In 2015, countries around the world unanimously adopted the UN Sustainable Development Goals, an ambitious set of objectives that aims to achieve sustainable development for all the world’s citizens. In its latest update, the UN pointed out that transitioning toward more sustainable and resilient societies requires and integrated approach that recognises that our challenges, and their solutions, are interrelated. For leading global enterprise software solutions provider SAP, driving meaningful social impact requires a combination of digital skills, technology, expertise and a network of local on-the-ground partners.

“Our focus is on driving lasting change through providing recurring, active on-the-ground support by experienced business leaders, technology experts and a network of high-caliber local partners,” says Cathy Smith, Managing Director at SAP Africa, whose corporate social responsibility programs are guided by, amongst other inputs, the UN Sustainable Development Goals. “For the last 3 years, our CSR efforts are focused on powering opportunity through digital inclusion with three priority areas: powering a digitally literate generation by inspiring enthusiasm and passion for technology and its ability to transform lives; accelerating the best-run NGOs and social enterprises by providing SAP’s global expertise and financial support; and connecting our employees to purpose by unlocking our internal wealth of expertise to promote positive change in underserved areas of society.”

A core program that SAP has been driving in South Africa since 2012 is the SAP Social Sabbatical, a portfolio of pro-bono volunteering programs that places SAP employees in highly diverse teams to dedicate their skills, expertise and know-how in a unique, short-term assignment to solve concrete business challenges for organisations. Since 2012 SAP has supported 20 local NGOs and social enterprises in South Africa with over 70 of the company’s top talents and executives contributing pro-bono consulting to the value of $1.2million.

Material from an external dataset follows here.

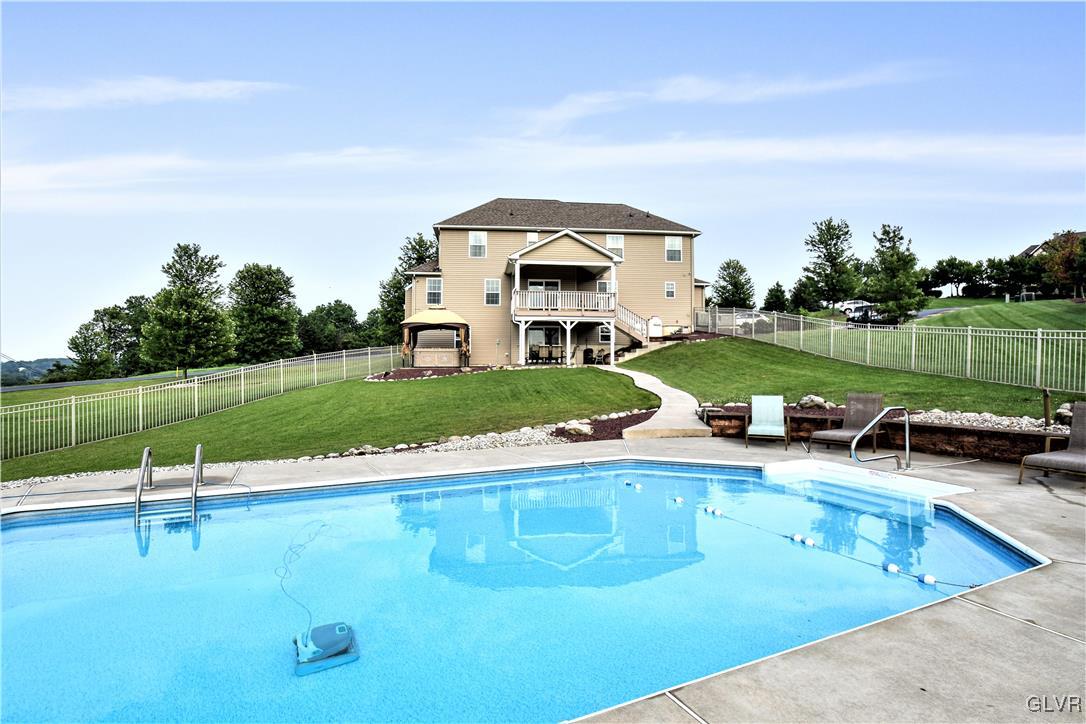 249 East Dell Road Bath, PA 18014 - Photo 49 of 50 swimming pool view with a outdoor space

Four key partners driving social impact

This year, a team of global SAP executives will contribute skills, expertise and time in support of a range of organisations and initiatives all linked to the higher purpose of enabling and supporting positive social change. The 2018 Executive Social Sabbatical program involves four strategic partners that each drive sustainable social impact, namely:

Black Umbrellas, an enterprise and supplier development incubation organisation partnering with the private sector, government and civil society to address the low levels of entrepreneurship and high failure rate of 100% black owned emerging businesses in the African continent;
Livity Africa, a social enterprise based on Livity UK, the UK’s first socially responsible marketing agency, that focuses on the digital economy and the new careers and business models that present unique opportunities to offer livelihoods to young people;
Riversands Incubation Hub, a registered non-profit company established with the vision of a South African economy growing through increasing numbers of successful small businesses whose ownership reflects South Africa’s population demographics, thereby creating jobs and economic opportunity for all; and
New Leaders Foundation (NLF), a not-for-profit advisory and implementation company with high caliber professionals who serve the government, the private sector and civil society organisations to drive sustainable change in education in South Africa. One of NLF’s key programs is the Data Driven Districts program, an online data analysis tool that allows schools across SA to input learner data around attendance, pass rates etc. This data, which includes information for 9.5 million of the country’s 12 million primary and middle school learners, is ultimately used by the district and school leadership to enable better decision-making by the education system.

“Our partnership with these four organisations enables our global executive team and volunteers to make positive lasting contributions to key programs and initiatives that drive social impact where it matters most,” says Smith. “We take a long-term view of our partnerships: achieving the ambitions of the UN’s Sustainable Development Goals will take far more than once-off CSR projects. Instead, it is the sustained skills, technology and financial support that our organisation contributes and the daily on-the-ground activities of our partners that will transform underserved communities and make a lasting positive impact on local communities, businesses, and economies.”

According to Black Umbrellas CEO Seapei Mafoyane, the support and involvement of corporate partners such as SAP equips their organisation with critical skills that can enable it to better support the advancement of black entrepreneurs and small business development. “South Africa has one of the lowest levels of entrepreneurship in the world, contributing 35% of GDP compared to 60% in other Brics countries such as India and Brazil. Our partners in civil society, the private sector and government all make critical contributions to ensure we can provide the correct resources, skills development, mentoring and access to markets to achieve economic and social change by creating sustainable programs to harness and strengthen Africa’s black entrepreneurial spirit.”